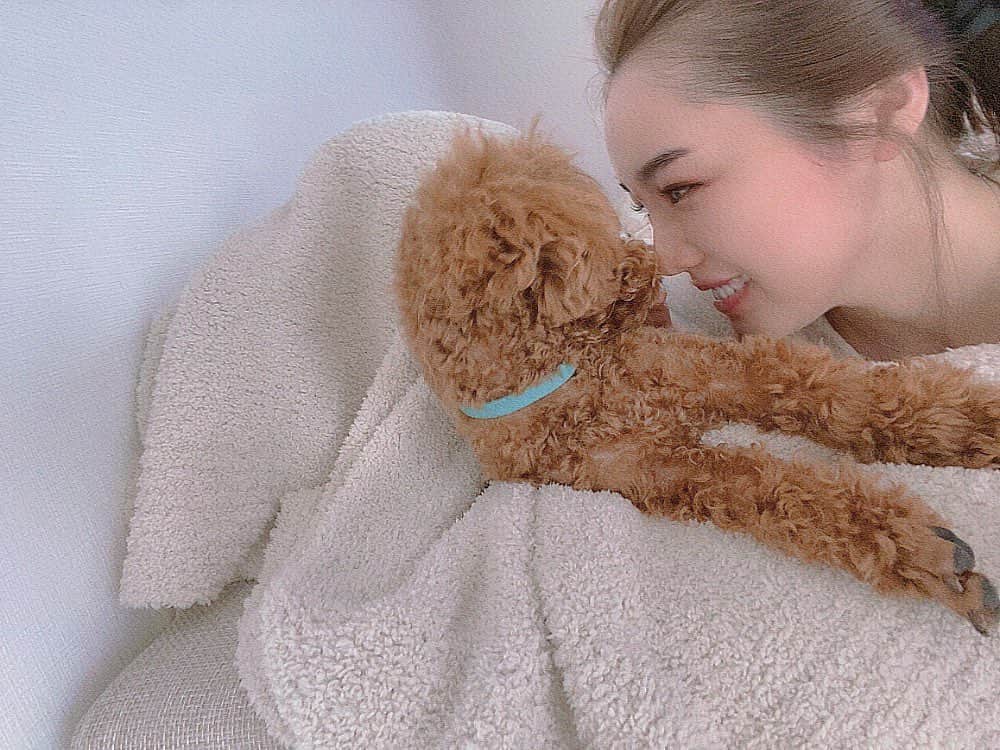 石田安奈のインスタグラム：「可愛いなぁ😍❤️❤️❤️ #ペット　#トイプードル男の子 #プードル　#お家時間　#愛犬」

...

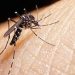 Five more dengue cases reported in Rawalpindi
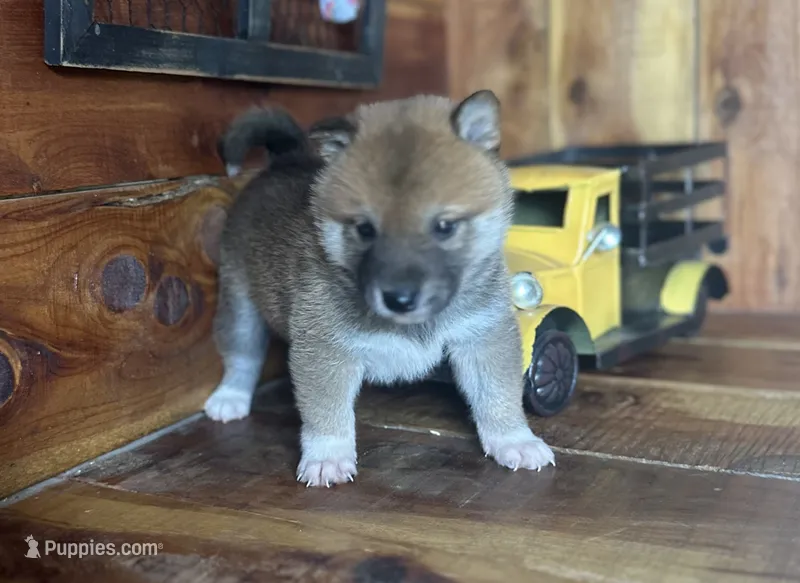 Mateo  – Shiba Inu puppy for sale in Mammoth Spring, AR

* * *

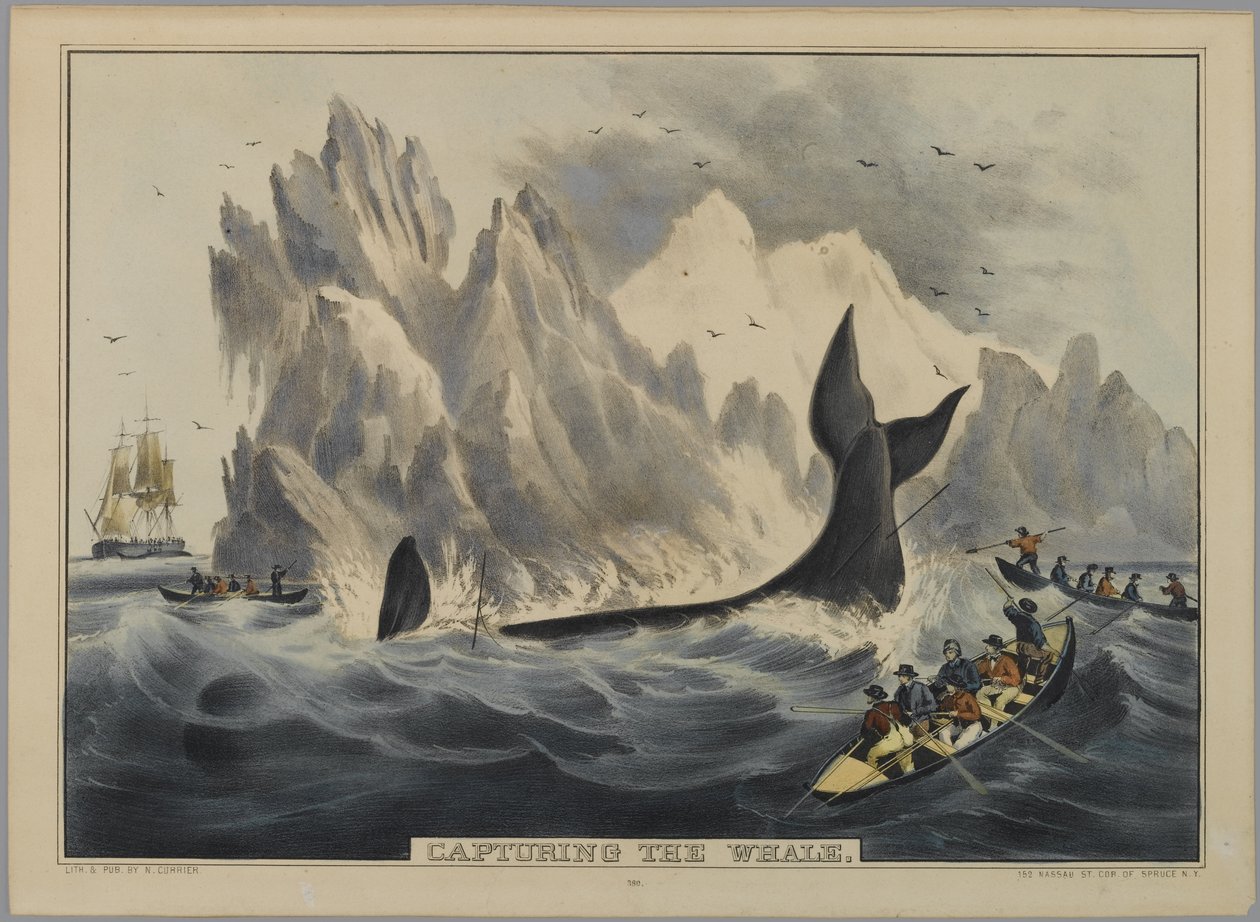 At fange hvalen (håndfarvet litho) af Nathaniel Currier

BRIEF:
Your output should be the lines above from the one that contains "Five more dengue" through the one that contains "Mammoth Spring, AR", word for word, with pictures left out.

OUTPUT FOR THIS TASK:
 Five more dengue cases reported in Rawalpindi
 Mateo  – Shiba Inu puppy for sale in Mammoth Spring, AR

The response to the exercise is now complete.